- Artist: Jon Lovitch
- Year: 1994–
- Location: Smithsonian Institution New York Hall of Science Capital Children's Museum, New York City Philadelphia Richmond, Virginia;
- Website: gingerbread-lane.org

= Gingerbread Lane =

Nonprofit seasonal display

GingerBread Lane is a non-profit seasonal display of a handmade gingerbread village prepared by chef Jon Lovitch. He has made the display every year since 1994. Gingerbread Lane has been featured in the Smithsonian Institution, Richmond, Virginia, Pittsburgh, Pennsylvania, and the New York Hall of Science.

The display requires about nine months and 1,500 hours to complete.

==2013 Gingerbread Lane==
The 2013 Gingerbread Lane display was exhibited at the New York Hall of Science and weighed 1.5 tons and covered 300 square feet. The display included 135 residential and 22 commercial buildings made of gingerbread along with trees, signs and five two-foot tall nutcrackers. The display was certified by Guinness World Records as the world's largest gingerbread village on November 22, 2013.

==Process==
Jon Lovitch, a Kansas City, Missouri-born chef, prepares all the ingredients for the display in his apartment, which is located in the South Bronx area of New York City. He often works on the project in the evenings after returning from work at New York's Marriott at the Brooklyn Bridge, where he is executive sous chef.

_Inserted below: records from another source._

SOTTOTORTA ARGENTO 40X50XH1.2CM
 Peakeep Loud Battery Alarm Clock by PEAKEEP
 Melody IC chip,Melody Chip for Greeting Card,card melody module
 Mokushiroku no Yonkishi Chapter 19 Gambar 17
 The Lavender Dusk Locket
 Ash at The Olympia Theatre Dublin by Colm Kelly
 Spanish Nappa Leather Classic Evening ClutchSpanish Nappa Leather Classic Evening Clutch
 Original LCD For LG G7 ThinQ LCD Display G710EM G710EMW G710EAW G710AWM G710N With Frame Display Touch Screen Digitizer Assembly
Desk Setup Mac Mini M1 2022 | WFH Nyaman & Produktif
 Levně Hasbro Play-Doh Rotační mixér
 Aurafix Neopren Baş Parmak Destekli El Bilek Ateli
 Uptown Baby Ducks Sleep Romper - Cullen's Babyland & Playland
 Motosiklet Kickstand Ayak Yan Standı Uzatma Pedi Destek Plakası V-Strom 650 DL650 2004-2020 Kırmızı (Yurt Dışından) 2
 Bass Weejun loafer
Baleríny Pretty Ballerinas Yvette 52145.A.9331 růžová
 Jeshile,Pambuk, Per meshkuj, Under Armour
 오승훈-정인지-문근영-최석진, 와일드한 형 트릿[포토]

Lovitch prepares gingerbread, icing and other materials for the display throughout the year and stores completed gingerbread structures in an empty bedroom in his apartment. He later assembles the village by hand at the exhibition site. The Gingerbread Lane display generally begins in November and lasts through early January. Lovitch gives away pieces of the gingerbread village to visitors of the display following the last day of the exhibition.